◆ About this exercise ◆
Take the lines from the line containing "Danxen Women Léa" through the end of the entries and output them exactly, with no pictures and nothing more.

Stored data section start

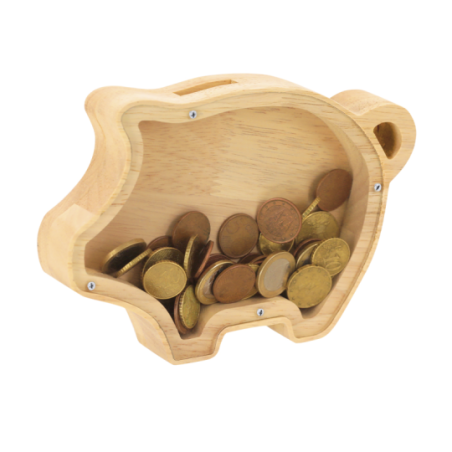 Tirelire personnalisé en bois Jasara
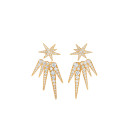 Ole Lynggaard Copenhagen Funky Stars Ohrstecker Medium - Bild 2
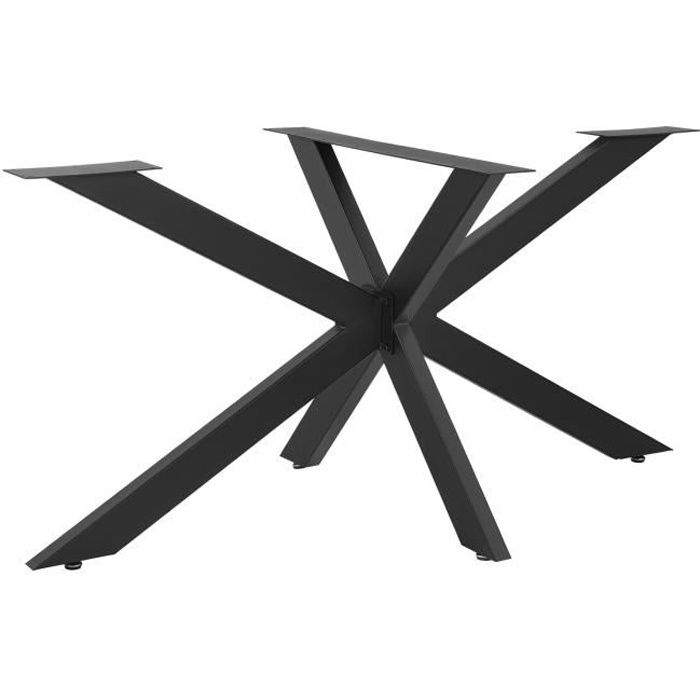 Pied de table Oberau acier fer 85 x 85 x 71 cm noir mat
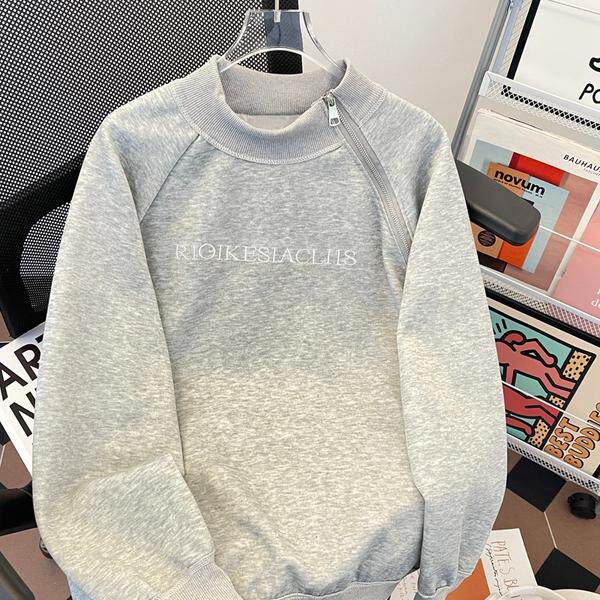 美式复古半拉链卫衣男春季潮牌宽松休闲长袖上衣外套w137p35，女装短外套，星座204-3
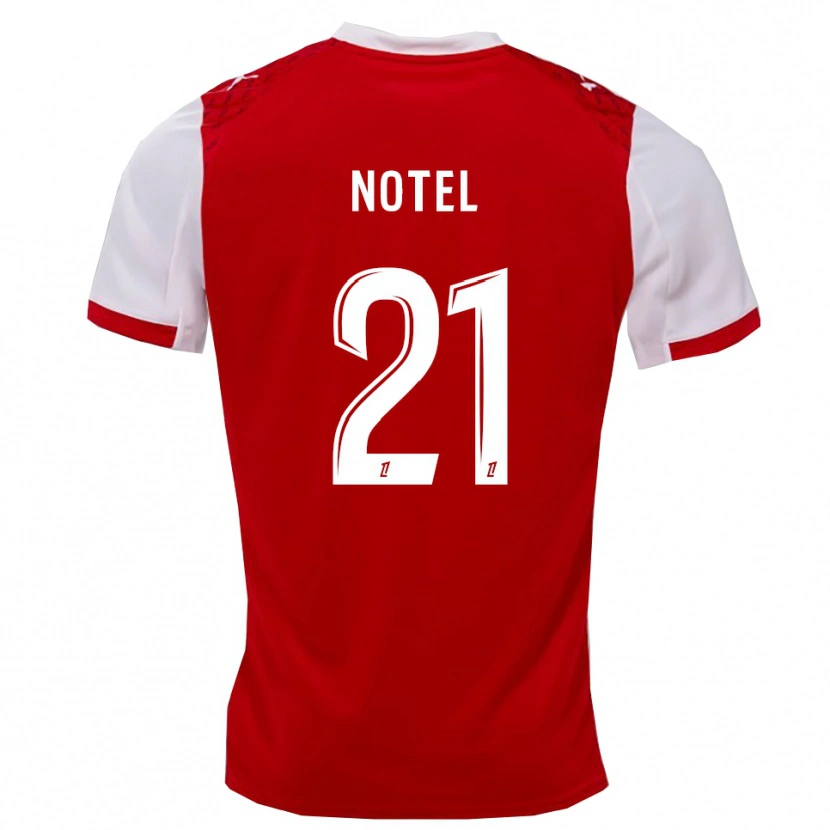 Danxen Women Léa Notel #21 Red White Home Jersey 2025/26 T-Shirt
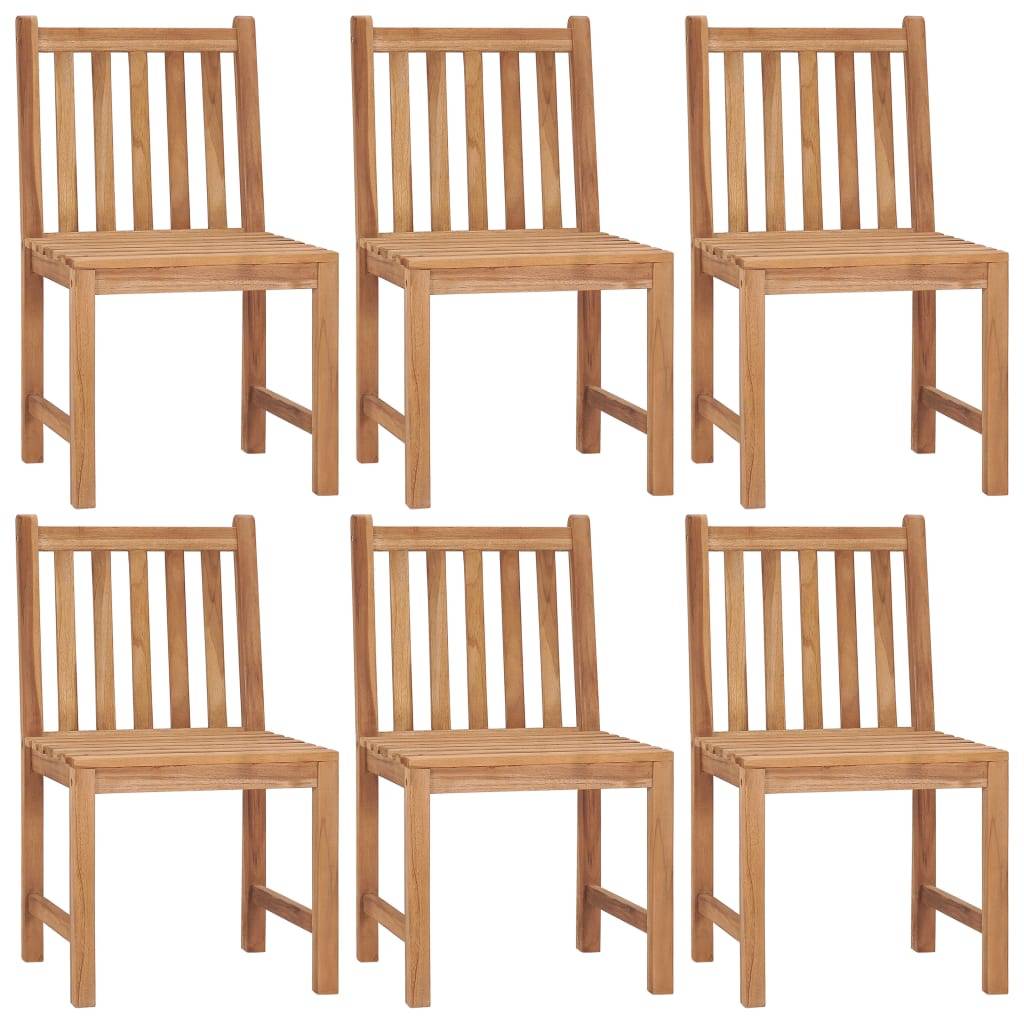 ComfortXL - Chaises de Repas Extérieur Lot de 6 en Teck Massif avec Coussins Épais 7cm pour Table de Jardin Beige – ComfortXL Outdoor Living - Image 2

Stored data section end

◆ Exercise result ◆
 Danxen Women Léa Notel #21 Red White Home Jersey 2025/26 T-Shirt
 ComfortXL - Chaises de Repas Extérieur Lot de 6 en Teck Massif avec Coussins Épais 7cm pour Table de Jardin Beige – ComfortXL Outdoor Living - Image 2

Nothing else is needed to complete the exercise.